Book Read Free

Push Hands

Page 4

by Michael Graeme


  "It must be. You've been there for ever! I bet you don't go moaning to Sally about it though."

  "I don't want to add to her problems, Richie. Anyway, look I came to ask you if you knew anything about Tai Chi."

  Richie stroked his beard thoughtfully. "Curiouser and curiouser," he said. "First you tell me you're having acupuncture, and now you want to know about Tai Chi. What does Sally think of all this?"
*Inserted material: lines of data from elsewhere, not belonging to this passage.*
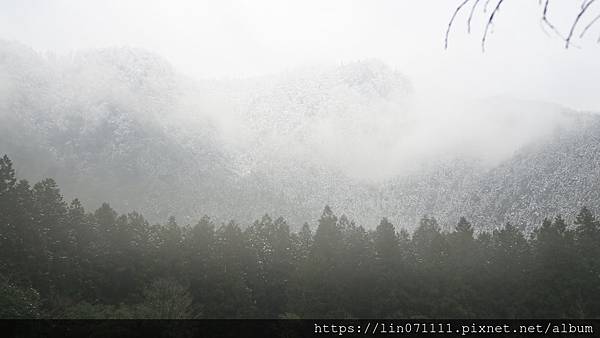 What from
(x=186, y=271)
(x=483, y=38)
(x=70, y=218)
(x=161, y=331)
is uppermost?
(x=70, y=218)

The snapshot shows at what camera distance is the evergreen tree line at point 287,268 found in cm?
4319

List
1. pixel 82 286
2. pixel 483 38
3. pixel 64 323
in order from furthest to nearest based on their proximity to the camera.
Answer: pixel 82 286
pixel 64 323
pixel 483 38

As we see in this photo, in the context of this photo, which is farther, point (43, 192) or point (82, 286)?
point (43, 192)

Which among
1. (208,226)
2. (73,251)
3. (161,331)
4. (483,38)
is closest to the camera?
(483,38)

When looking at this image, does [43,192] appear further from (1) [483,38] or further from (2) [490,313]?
(1) [483,38]

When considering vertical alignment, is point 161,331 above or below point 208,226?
below

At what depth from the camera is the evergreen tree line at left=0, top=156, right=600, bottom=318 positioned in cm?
4319

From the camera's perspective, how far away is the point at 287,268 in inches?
2056

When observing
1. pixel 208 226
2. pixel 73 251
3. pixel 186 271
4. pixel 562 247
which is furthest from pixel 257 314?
pixel 562 247

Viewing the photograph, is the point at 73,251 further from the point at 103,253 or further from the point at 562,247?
the point at 562,247

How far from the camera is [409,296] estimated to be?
154 feet

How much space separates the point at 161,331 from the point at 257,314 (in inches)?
576

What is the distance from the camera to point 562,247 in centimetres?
5025

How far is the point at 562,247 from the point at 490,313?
1183 centimetres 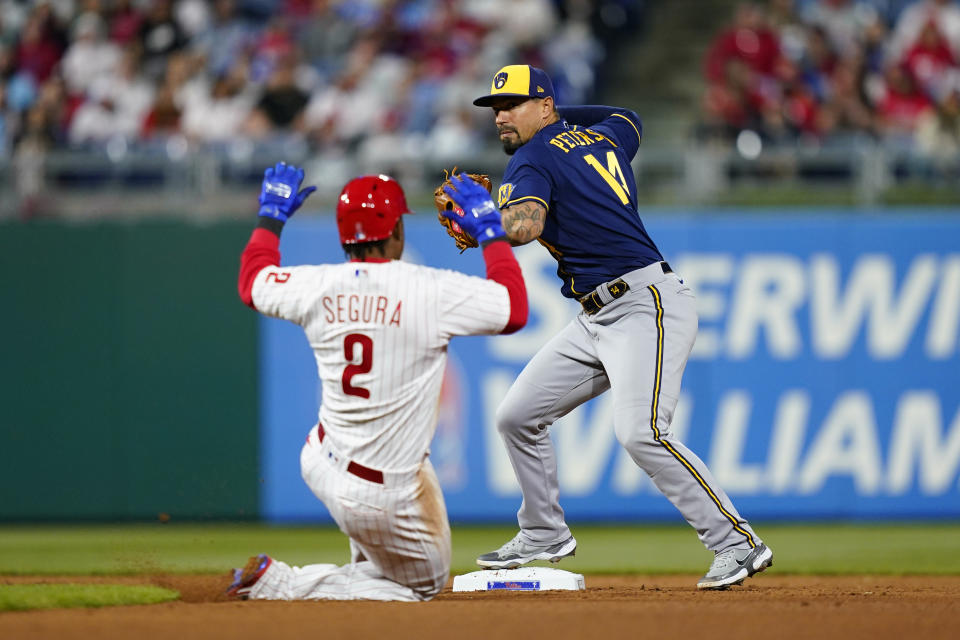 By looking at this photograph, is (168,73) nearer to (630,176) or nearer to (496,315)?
(630,176)

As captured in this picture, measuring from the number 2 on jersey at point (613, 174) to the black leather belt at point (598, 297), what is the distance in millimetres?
375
  "I don't know. I've not told her about the Tai Chi yet. As for the acupuncture, she just says it's expensive and I'll have to stop going soon."

  "But is it working?"

  Phil sighed. "Not yet. But I'm feeling better in other ways - more relaxed and not as tired all the time. The kids don't wind me up like they used to do either. I'd really like to keep going - it's not that we can't afford it, it's just that Sal doesn't believe in that sort of thing. So far as she's concerned it can't possibly be working and it's a complete waste of money. But what about this Tai Chi thing, Richie? Have you heard of it?"

  "Well, it's like slow motion exercises, a martial art sort of thing. You see people doing it in China in the parks of a morning. Something to do with Chi."

  "Chi? Doctor Lin mentioned Chi, but I don't get it."

  "It's like a life force, vital energy - it doesn't exist as far as us rational westerners are concerned, but it must exist really, otherwise your acupuncture wouldn't be working."

  "I'm not sure it is working. I've only had one session. The other times it's been herbs and massage."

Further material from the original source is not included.